§ What you are asked to do
The answer must be an exact copy of the lines from the one with "MS license plate KBI607" through the final line below, with no pictures and nothing else.

§ Source material
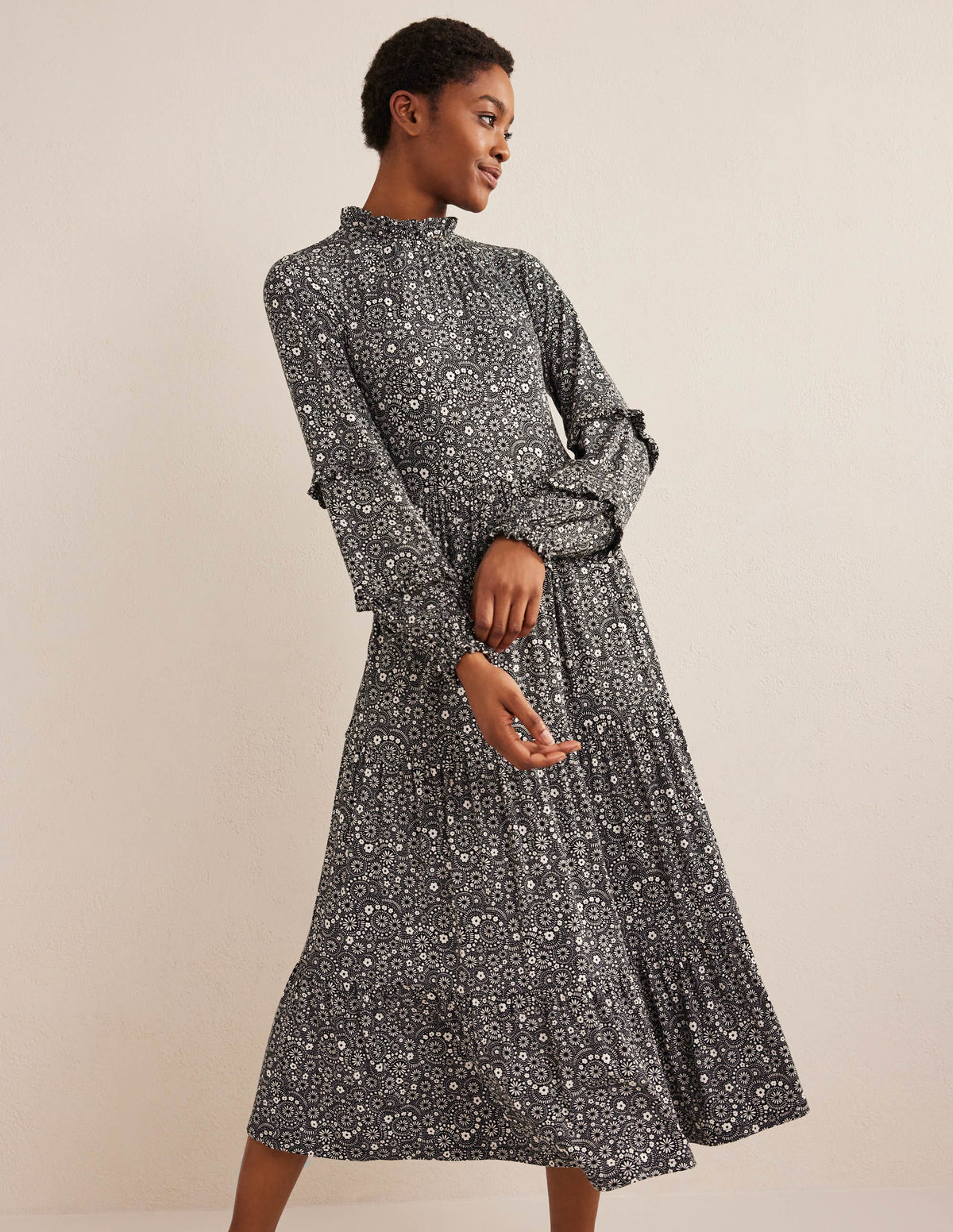 Tier Insert Midi Jersey Dress-Black, Dotty Daisy-1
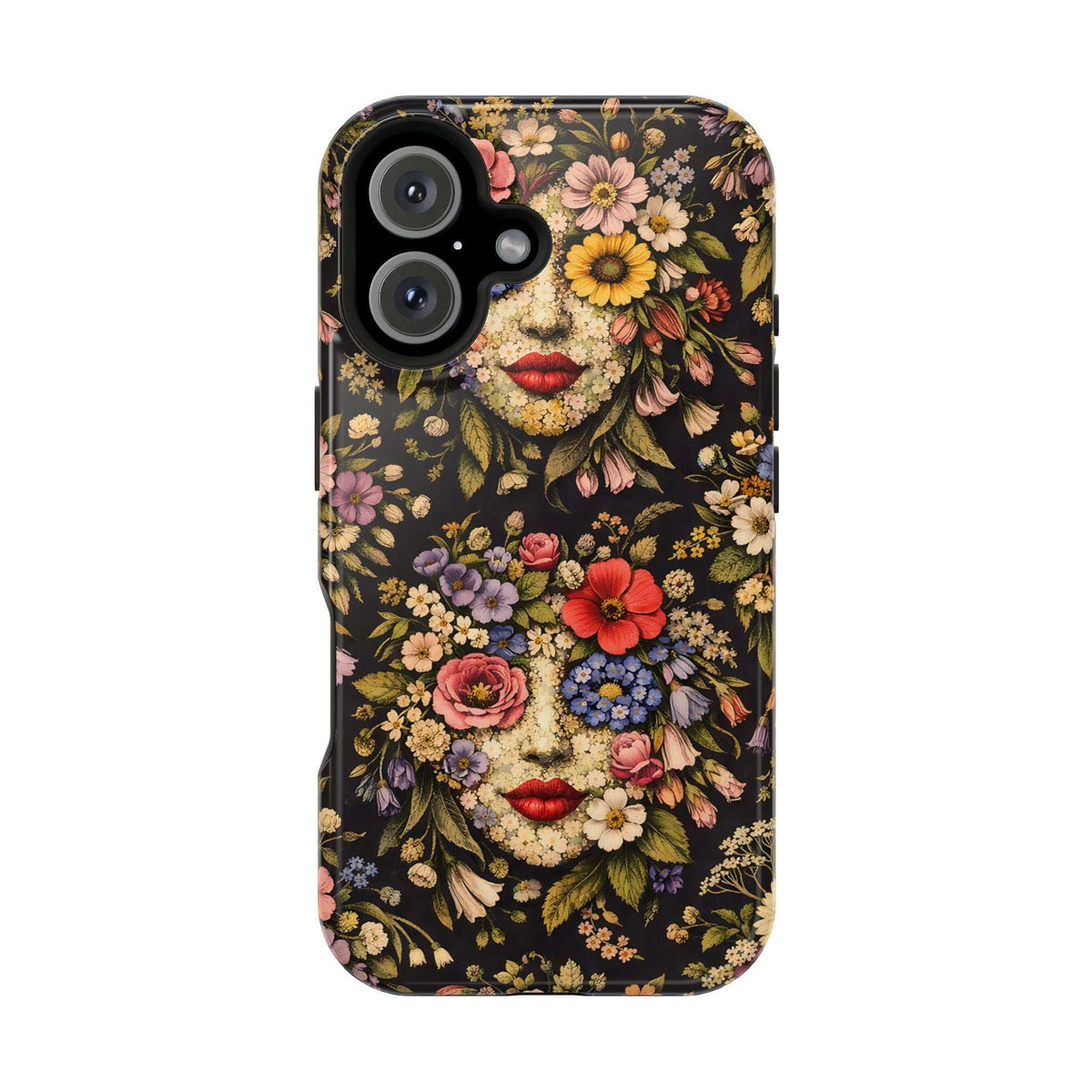 Smartphone case with vintage floral face motif, red lips, and assorted flowers; camera lens openings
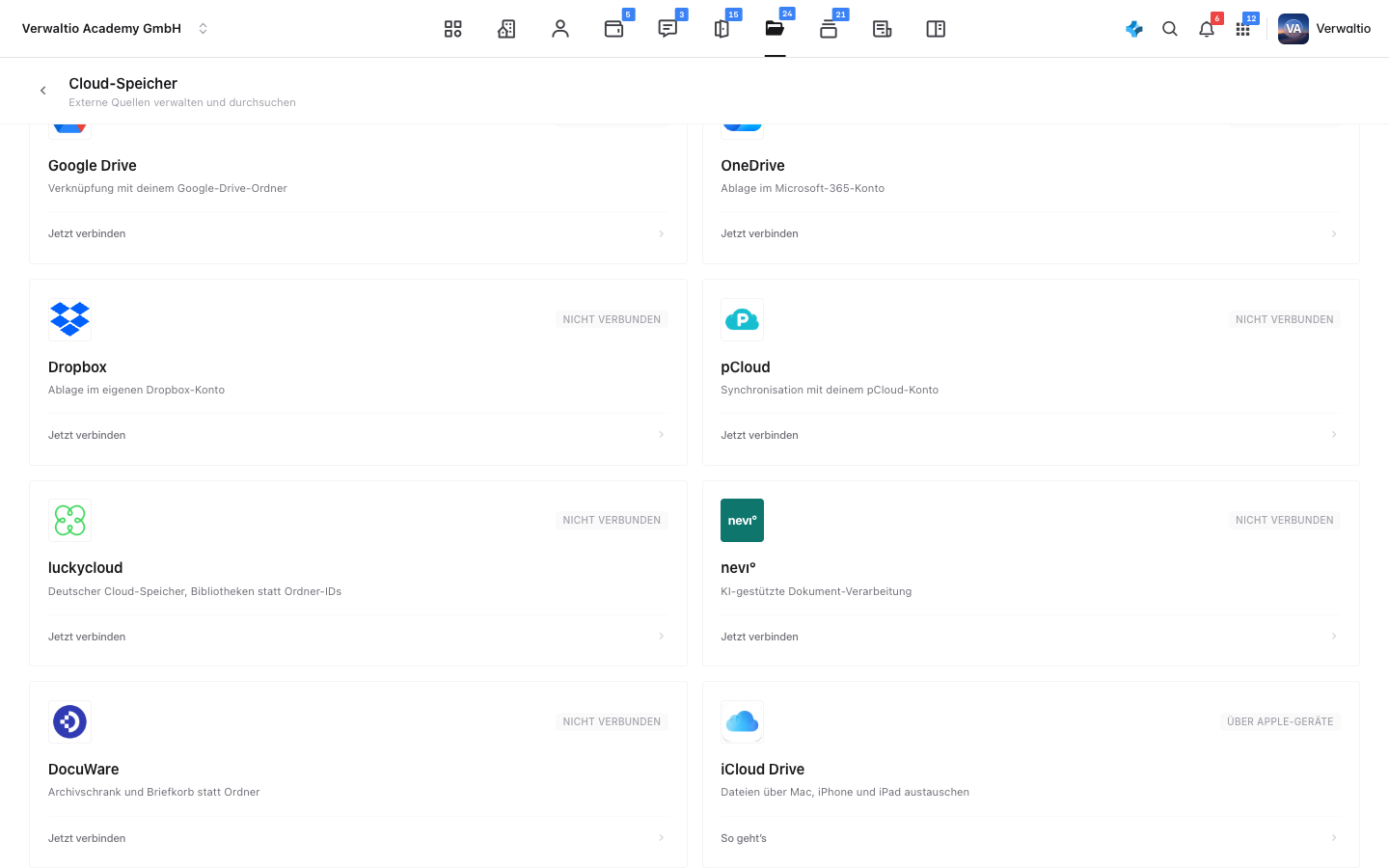 Die Cloud-Speicher unter Dokumente mit der Karte iCloud Drive und dem Stand Über Apple-Geräte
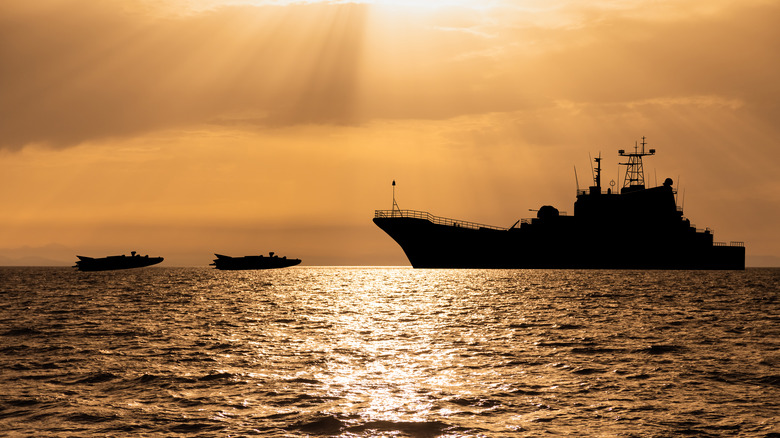 Boats at sunset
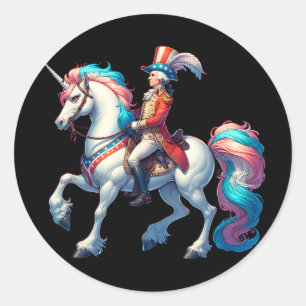 Adesivo George Washington Cavalgando Um Unicórnio 4 De Jul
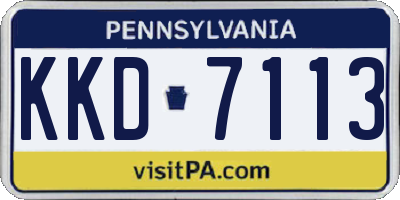 PA license plate KKD7113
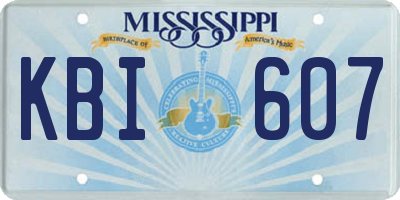 MS license plate KBI607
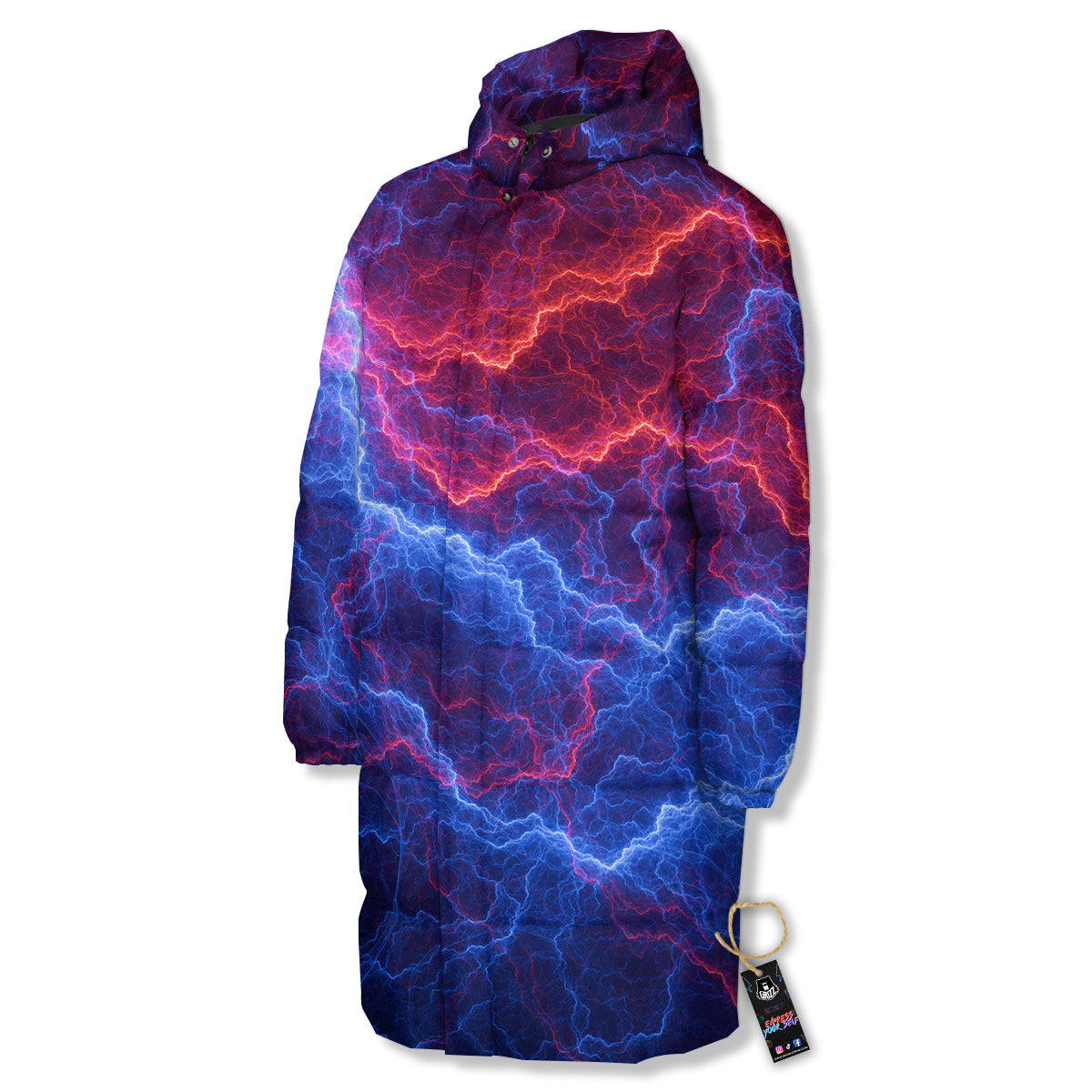 Lightning Red And Blue Print Long Down Jacket-grizzshop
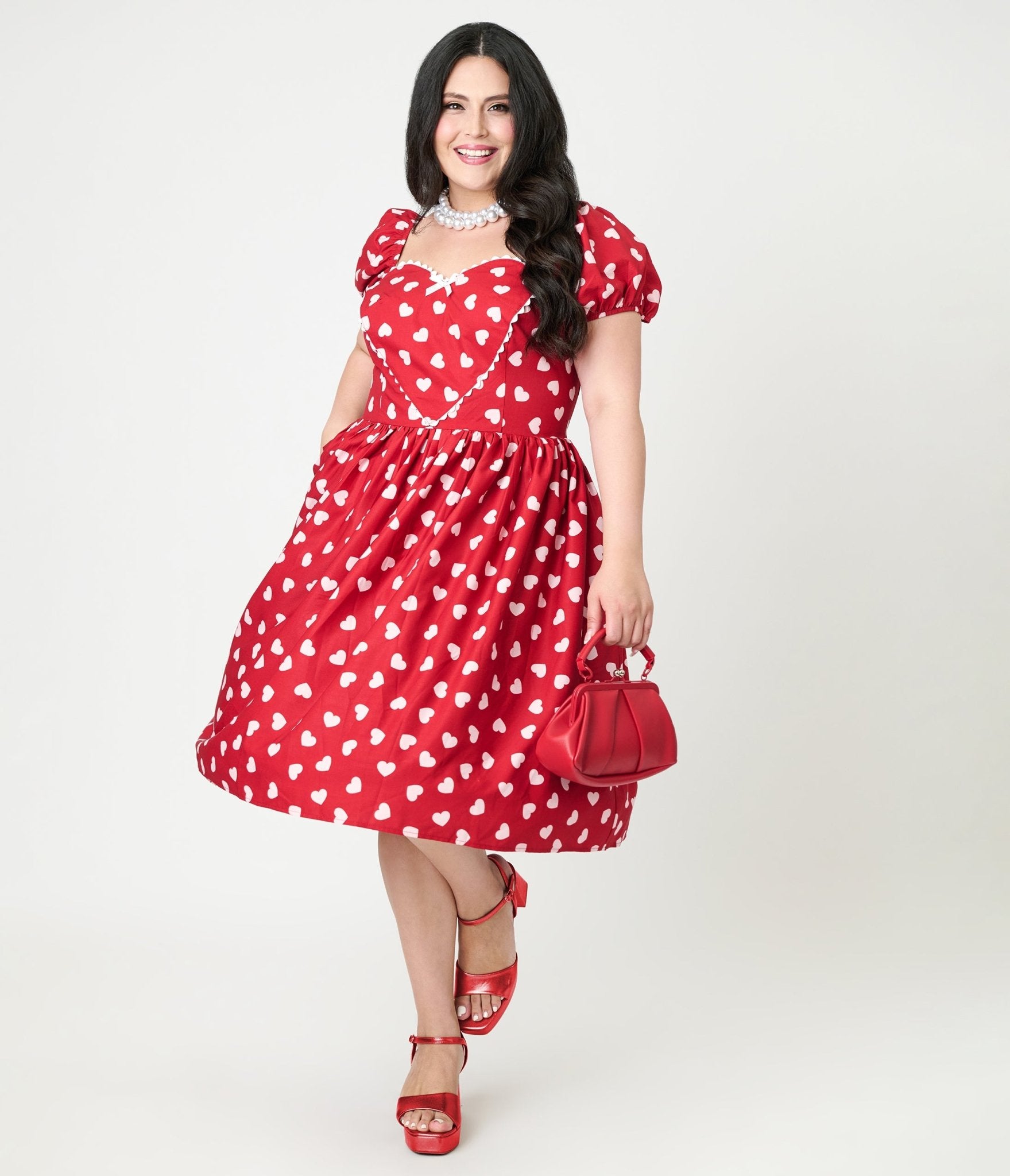 Unique Vintage Plus Size 1950s Red & Pink Heart Convertible Sweetheart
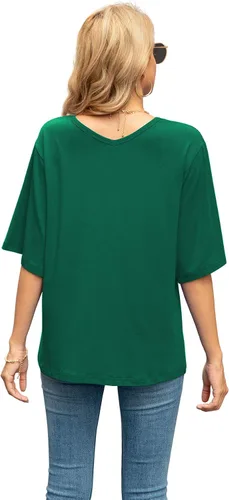 Vista 6 de SUEANI - Camiseta de cuello en V para mujer, diseño holgado con manga 34 acampanada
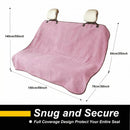 Back Seat Cover for Car Trucks Van SUV Waterproof Rear Bench Towel Seat Covers for Dogs and Kids Automotive Backseat Protector (Pink)-2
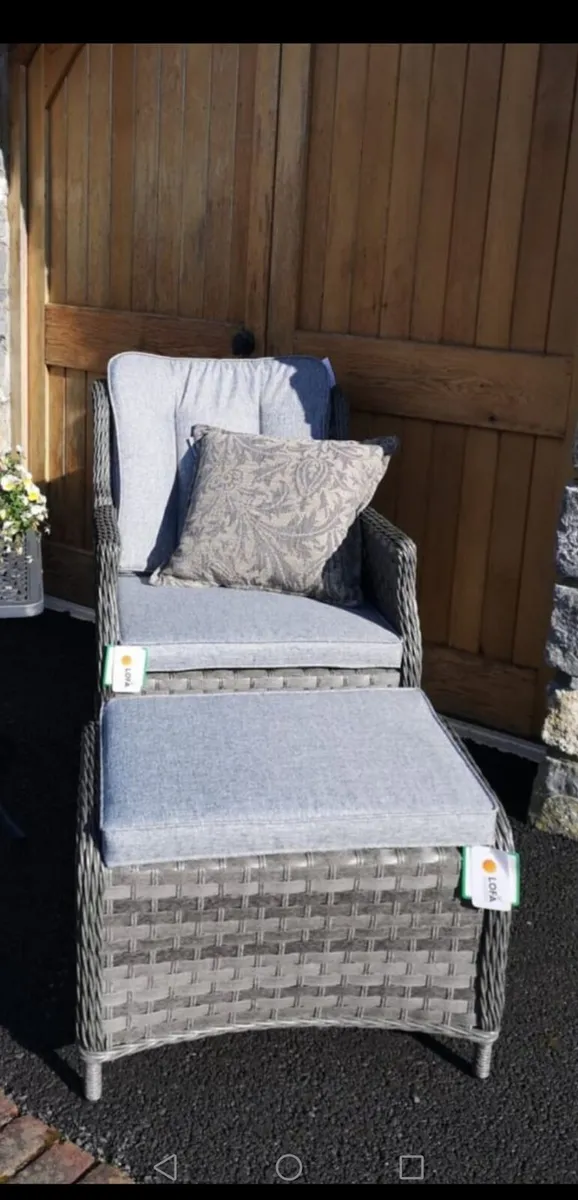 Brand New Pair Dark Grey Rattan Recliners - Image 1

§ Expected answer
 MS license plate KBI607
 Lightning Red And Blue Print Long Down Jacket-grizzshop
 Unique Vintage Plus Size 1950s Red & Pink Heart Convertible Sweetheart
 Vista 6 de SUEANI - Camiseta de cuello en V para mujer, diseño holgado con manga 34 acampanada
 Back Seat Cover for Car Trucks Van SUV Waterproof Rear Bench Towel Seat Covers for Dogs and Kids Automotive Backseat Protector (Pink)-2
 Brand New Pair Dark Grey Rattan Recliners - Image 1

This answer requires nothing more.